Where an image appears in the data, omit it and reproduce the rest exactly.
********************
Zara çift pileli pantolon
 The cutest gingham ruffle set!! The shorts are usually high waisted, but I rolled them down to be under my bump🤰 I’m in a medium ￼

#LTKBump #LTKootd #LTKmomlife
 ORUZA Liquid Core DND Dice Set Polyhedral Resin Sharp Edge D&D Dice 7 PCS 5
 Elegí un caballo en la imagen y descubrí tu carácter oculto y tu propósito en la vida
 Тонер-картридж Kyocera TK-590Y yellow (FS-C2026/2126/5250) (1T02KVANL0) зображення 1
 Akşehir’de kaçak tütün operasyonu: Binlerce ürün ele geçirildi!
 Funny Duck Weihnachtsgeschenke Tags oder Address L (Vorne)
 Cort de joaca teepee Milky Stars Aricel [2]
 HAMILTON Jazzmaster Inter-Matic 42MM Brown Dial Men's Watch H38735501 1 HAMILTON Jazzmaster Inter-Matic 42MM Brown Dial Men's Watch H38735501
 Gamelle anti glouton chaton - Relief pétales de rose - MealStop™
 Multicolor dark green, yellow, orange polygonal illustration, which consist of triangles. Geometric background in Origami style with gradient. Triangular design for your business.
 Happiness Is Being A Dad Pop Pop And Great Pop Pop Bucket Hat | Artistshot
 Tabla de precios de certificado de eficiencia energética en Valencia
********************
■ **TASK OUTPUT**:
Zara çift pileli pantolon
 The cutest gingham ruffle set!! The shorts are usually high waisted, but I rolled them down to be under my bump🤰 I’m in a medium 

#LTKBump #LTKootd #LTKmomlife
 ORUZA Liquid Core DND Dice Set Polyhedral Resin Sharp Edge D&D Dice 7 PCS 5
 Elegí un caballo en la imagen y descubrí tu carácter oculto y tu propósito en la vida
 Тонер-картридж Kyocera TK-590Y yellow (FS-C2026/2126/5250) (1T02KVANL0) зображення 1
 Akşehir’de kaçak tütün operasyonu: Binlerce ürün ele geçirildi!
 Funny Duck Weihnachtsgeschenke Tags oder Address L (Vorne)
 Cort de joaca teepee Milky Stars Aricel [2]
 HAMILTON Jazzmaster Inter-Matic 42MM Brown Dial Men's Watch H38735501 1 HAMILTON Jazzmaster Inter-Matic 42MM Brown Dial Men's Watch H38735501
 Gamelle anti glouton chaton - Relief pétales de rose - MealStop™
 Multicolor dark green, yellow, orange polygonal illustration, which consist of triangles. Geometric background in Origami style with gradient. Triangular design for your business.
 Happiness Is Being A Dad Pop Pop And Great Pop Pop Bucket Hat | Artistshot
 Tabla de precios de certificado de eficiencia energética en Valencia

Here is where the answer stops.